A system of such matrices \(E_{f}^{i}\) forms a basis for the algebra \(G\mathcal{C}(n, \mathbb{R})\). Since \(i\) and \(j\) can each vary from 1 to \(n\), there are a total of \(n^2\) possible matrices, aligning perfectly with the dimension of the algebra \(G\mathcal{C}(n, \mathbb{R})\). This shared dimension confirms that these matrices can form a complete basis.
Additionally:

• They are linearly independent. Any scalar multiplication or addition of different \(E_{f}^{i}\) matrices produces another matrix within the set with only one non-zero entry.
• Each matrix contributes to spanning the vector space since it is constructed from unique position pairings \((i, j)\).

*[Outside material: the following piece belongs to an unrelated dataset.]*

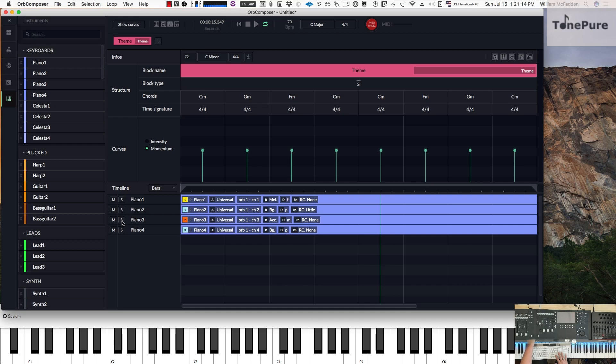Now let's examine the accompaniment track. This can give you arpeggios. Let's go ahead and solo that.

Thus, these matrices effectively capture the structure of the given algebra through their straightforward but powerful representation.

Commutator Relations

Commutator relations are central to understanding the interactions between elements in a Lie algebra. The commutator of two matrices \(A\) and \(B\) is expressed as \([A, B] = AB - BA\). This operation reveals the non-commutative nature of matrix multiplication in Lie algebras.
For the given matrices \(E_{f}^{i}\) and \(E_{f}^{j}\), their commutation depends on whether \(i\) and \(j\) are equal or not. Here's how it works:

• If \(i eq j\), the multiplication \(E_{f}^{i} E_{f}^{j}\) results in a zero matrix, whereas \(E_{f}^{j} E_{f}^{i}\) produces a new matrix \(E_{f}^{k}\), where \(k eq i, j\). Therefore, the commutator is \(-E_{f}^{k}\).
• If \(i = j\), both products \(E_{f}^{i} E_{f}^{j}\) and \(E_{f}^{j} E_{f}^{i}\) coincide, causing the commutator to be zero.

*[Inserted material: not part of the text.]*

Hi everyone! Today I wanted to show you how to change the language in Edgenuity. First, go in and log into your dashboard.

These subtleties in commutator relations illustrate the intricacies of matrix interactions within the algebra, providing a deeper comprehension of their structural behavior.

Structure Constants

Structure constants represent the fundamental constants connecting elements of a Lie algebra concerning their commutation. They offer a blueprint for how basis elements relate through the commutator operation. In our exercise, these constants are central to reconstituting the structure of the algebra.
The structure constants \( C_{ij}^{k} \) are defined by the relationship: \([E_{f}^{i}, E_{f}^{j}] = C_{ij}^{k} E_{f}^{k}\). By closely examining the commutation relations:

• When \(i eq j\), the constants \( C_{ij}^{k} = -1 \) for some \( k eq i, j \), signifying that the resultant from the commutator is the negative of a certain basis matrix \(E_{f}^{k}\).
• When \(i = j\), the commutator results in a zero matrix, hence all corresponding structure constants \( C_{ii}^{k} = 0 \).

Thus, these structure constants provide a concise yet comprehensive map of the algebra's properties, allowing mathematicians to evaluate the dynamics and interactions of its elements.